Starting with the line that holds "Marina Rinaldi Veste", reproduce each line through the last one of the data, exactly as written. Pictures are not copied.

:::

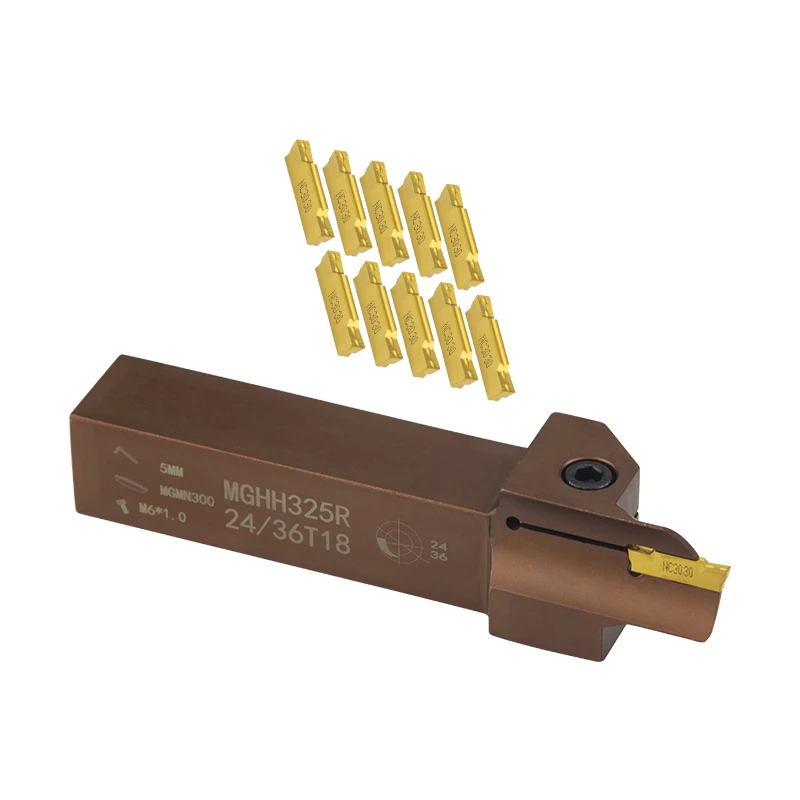 Mghh325r Spring Steel End Face Groove Cutter 24/36 48/60 75/100 100/200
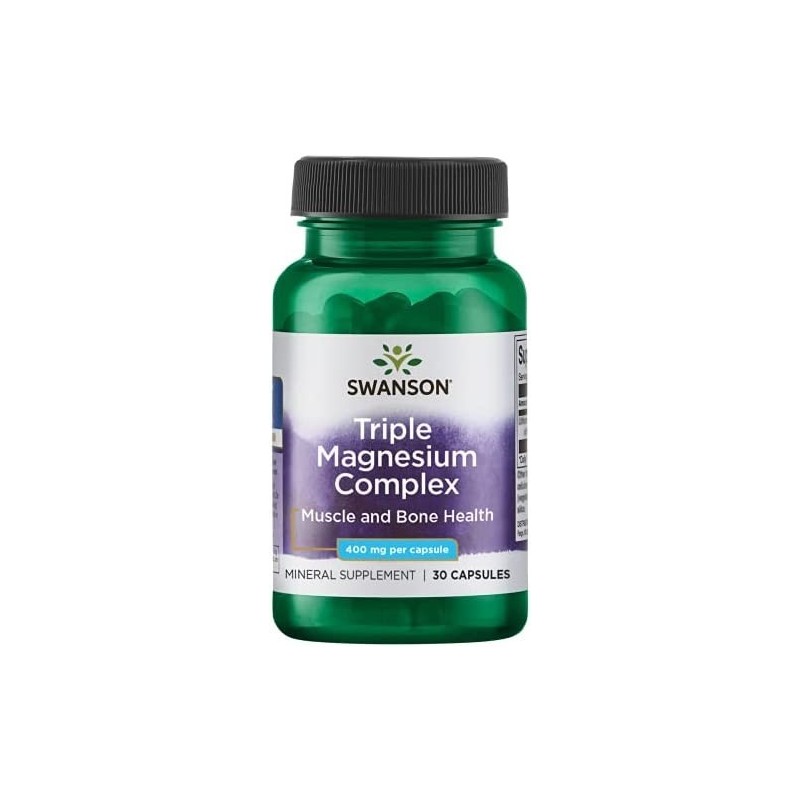 Triple Magnesium Complex 400mg - 30 caps (ajuta la eliminarea metalelor grele din organism, cresterea performantelor sportive) B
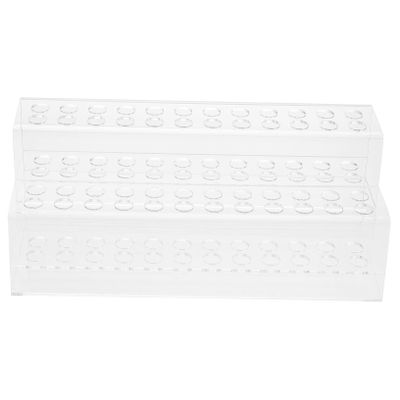 Zerodeko Acrylic Pen Holder Dual Layer Design for Efficient Desk Organization Multi-pocket Display Stand for Markers Brushes and Writing Instruments for Students and Artists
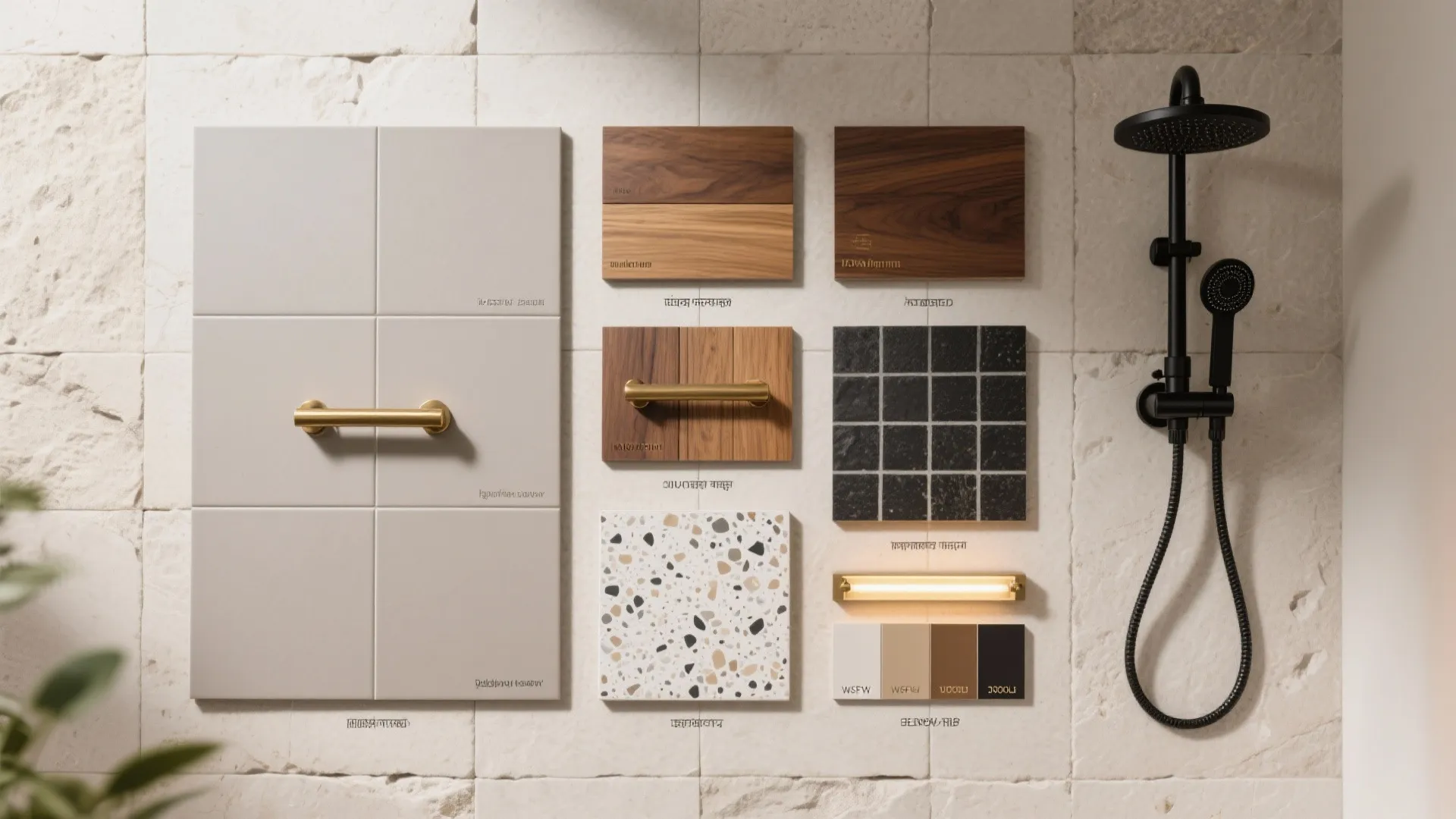 Materials that love India: non-slip tiles, warm wood accents, and brass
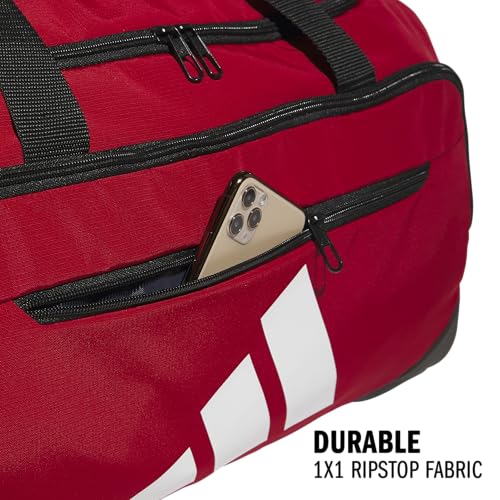adidas Defender 5 Duffel Bag for Sports, Gym and Travel, Team Power Red 2/White, OSFA - color: Team Power Red 2/White, style: Medium (59l)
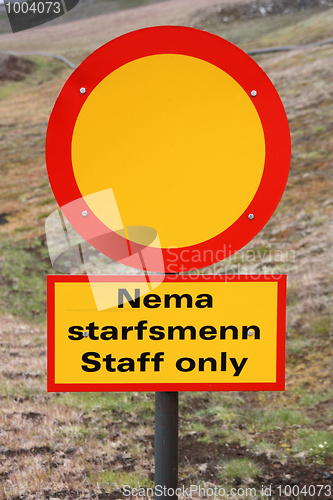 Image of Staff only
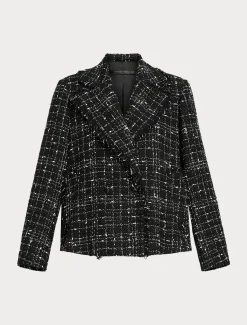 Marina Rinaldi Veste blazer à carreaux NOIR Best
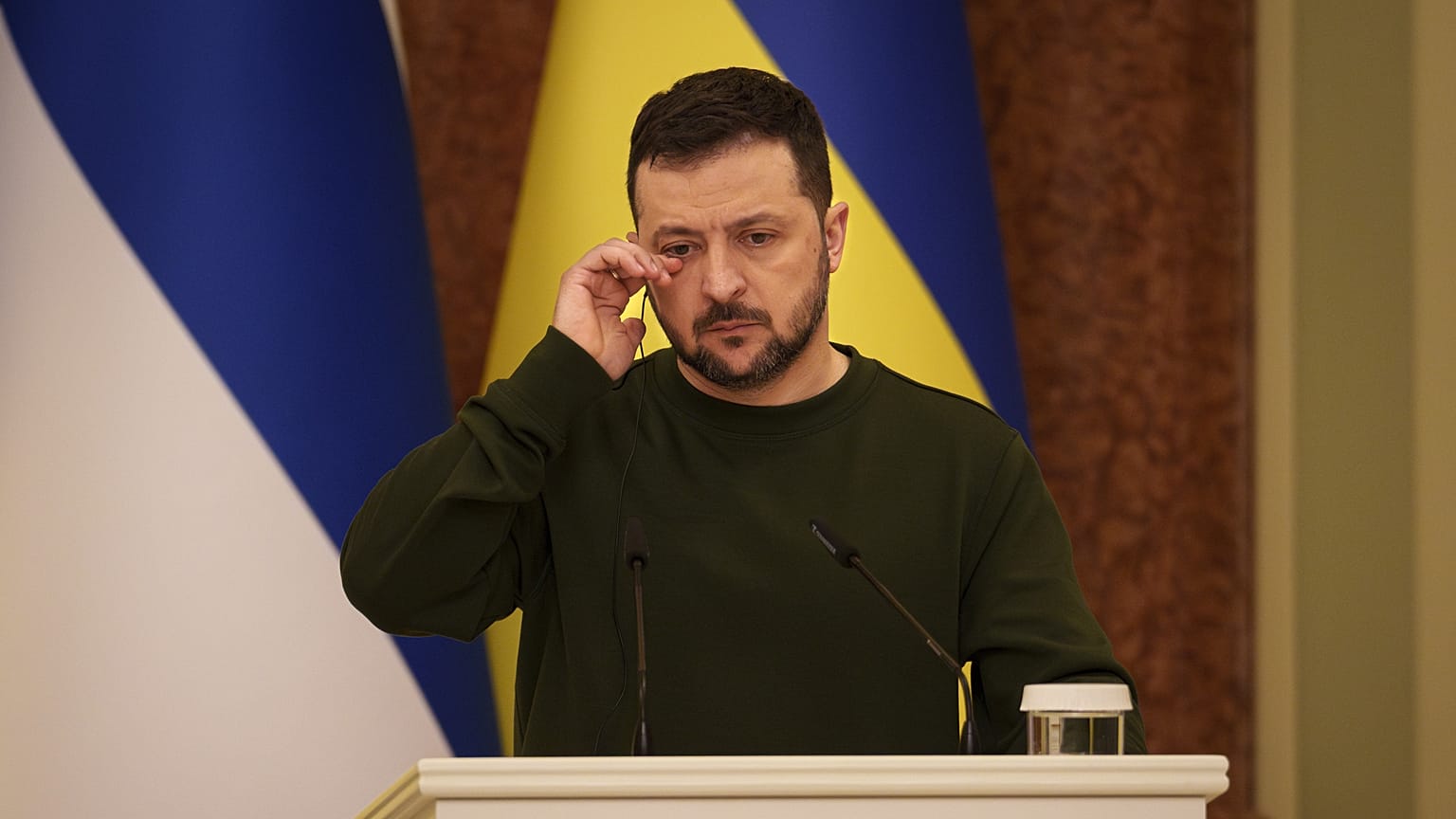 Volodimir Zelenszkij ukrán elnök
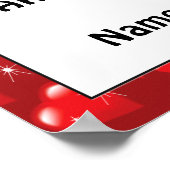 Zal je me Poster van de rode harten trouwen? (Hoek)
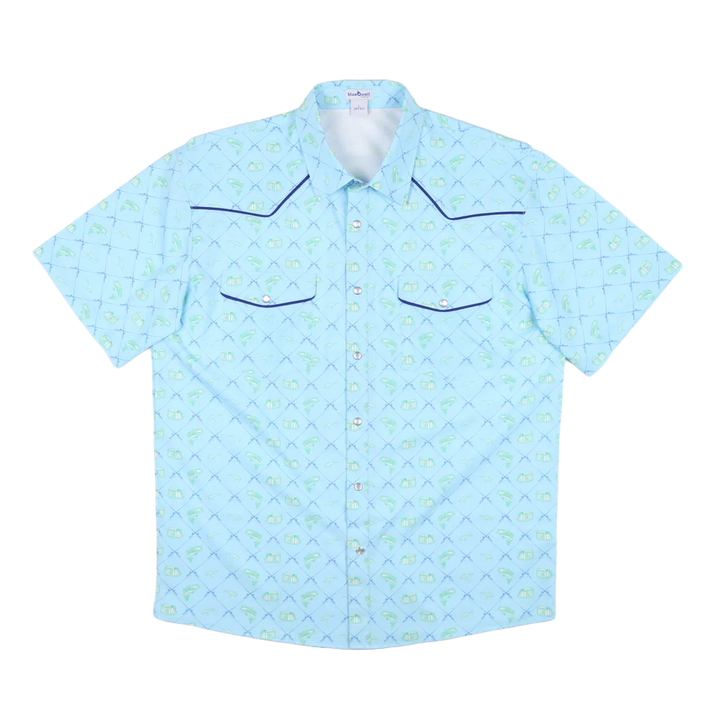 Men's Fisherman Pearl Snap Short Sleeve Shirt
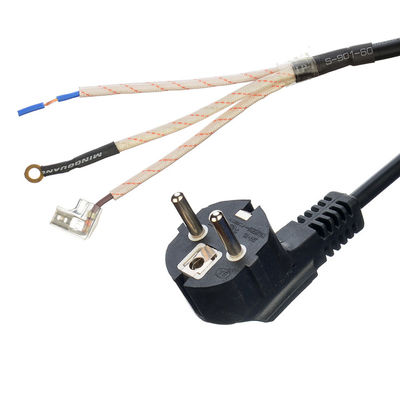 Personalização para a Indonésia Cordão de extensão SNI Cordão de extensão 1.8M/ OEM Tratamento final Tubo de contração térmica e tubo de fibra de vidro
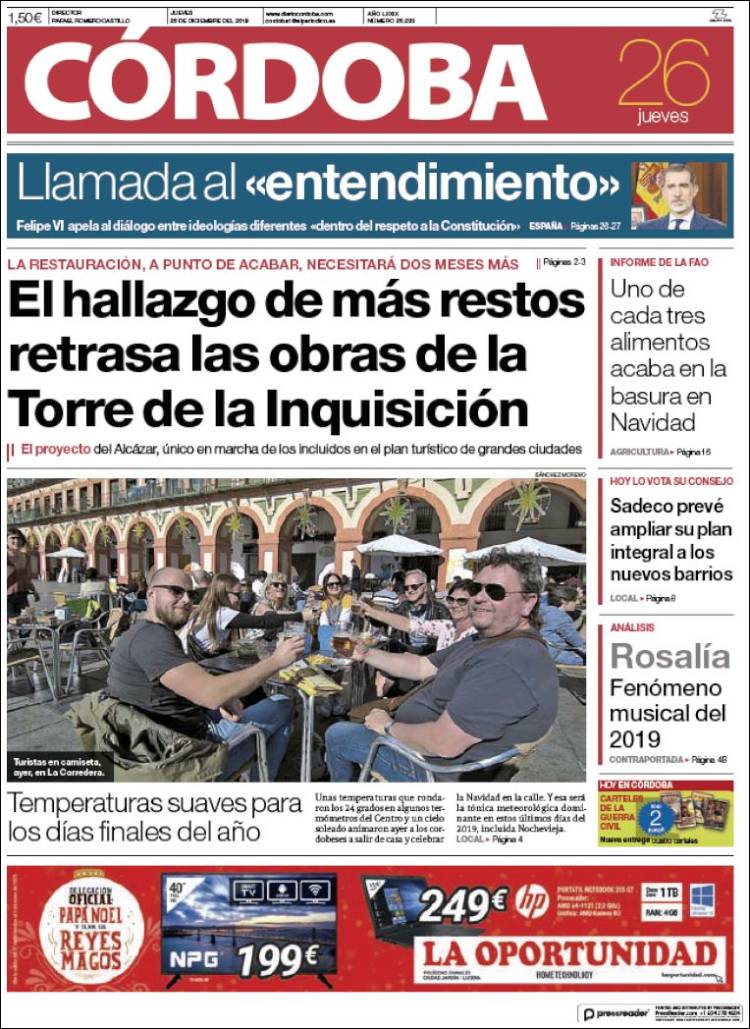 Portada de Diario de Córdoba (Espa&ntilde;a)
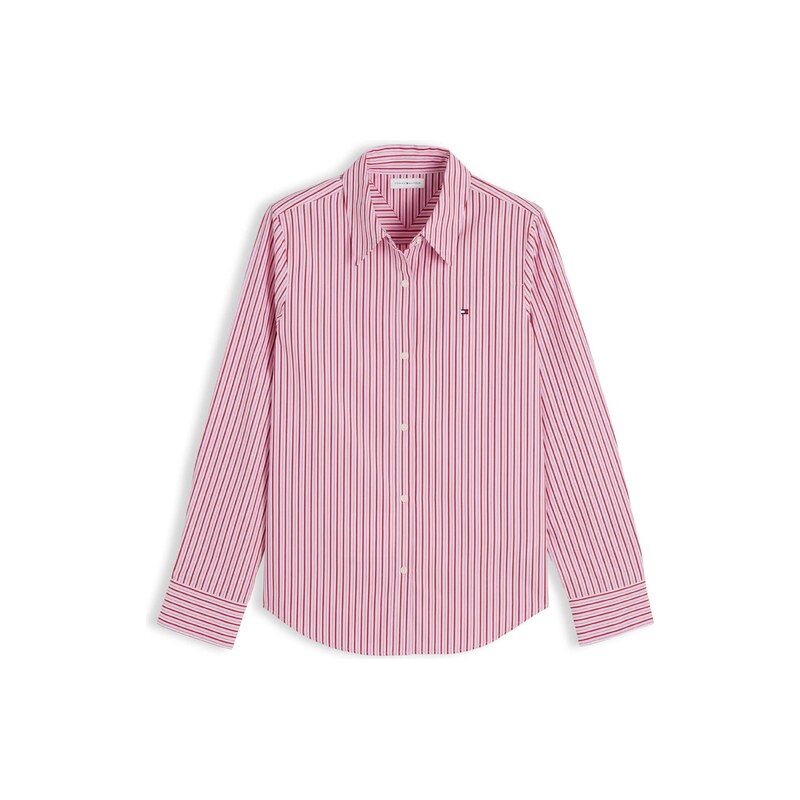 TOMMY HILFIGER Halenka růžová / červená / černá / bílá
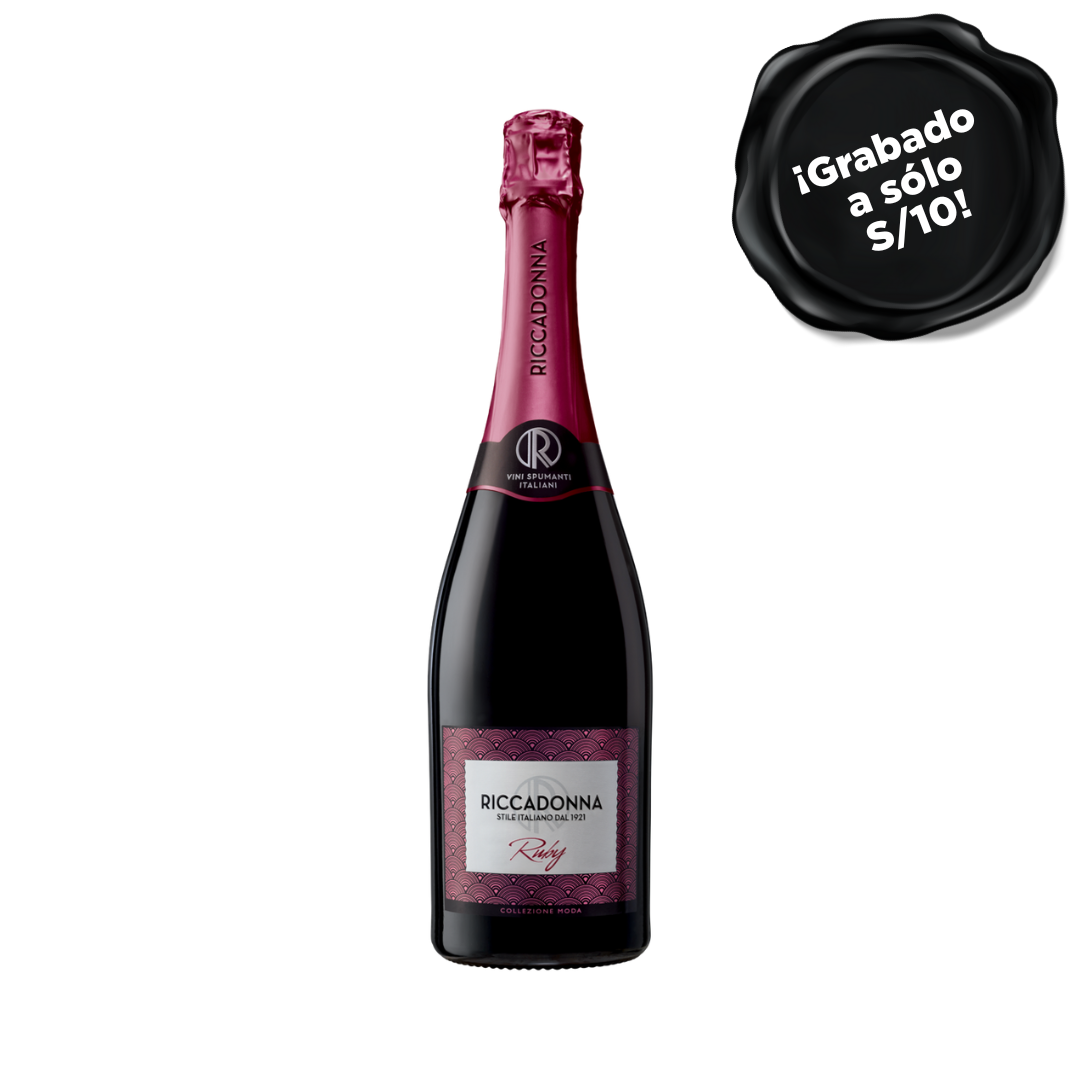 Espumante RICCADONNA Ruby Botella 750ml. GRABADO A S/10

:::

Result of this exercise:
 Marina Rinaldi Veste blazer à carreaux NOIR Best
 Volodimir Zelenszkij ukrán elnök
 Zal je me Poster van de rode harten trouwen? (Hoek)
 Men's Fisherman Pearl Snap Short Sleeve Shirt
 Personalização para a Indonésia Cordão de extensão SNI Cordão de extensão 1.8M/ OEM Tratamento final Tubo de contração térmica e tubo de fibra de vidro
 Portada de Diario de Córdoba (Espa&ntilde;a)
 TOMMY HILFIGER Halenka růžová / červená / černá / bílá
 Espumante RICCADONNA Ruby Botella 750ml. GRABADO A S/10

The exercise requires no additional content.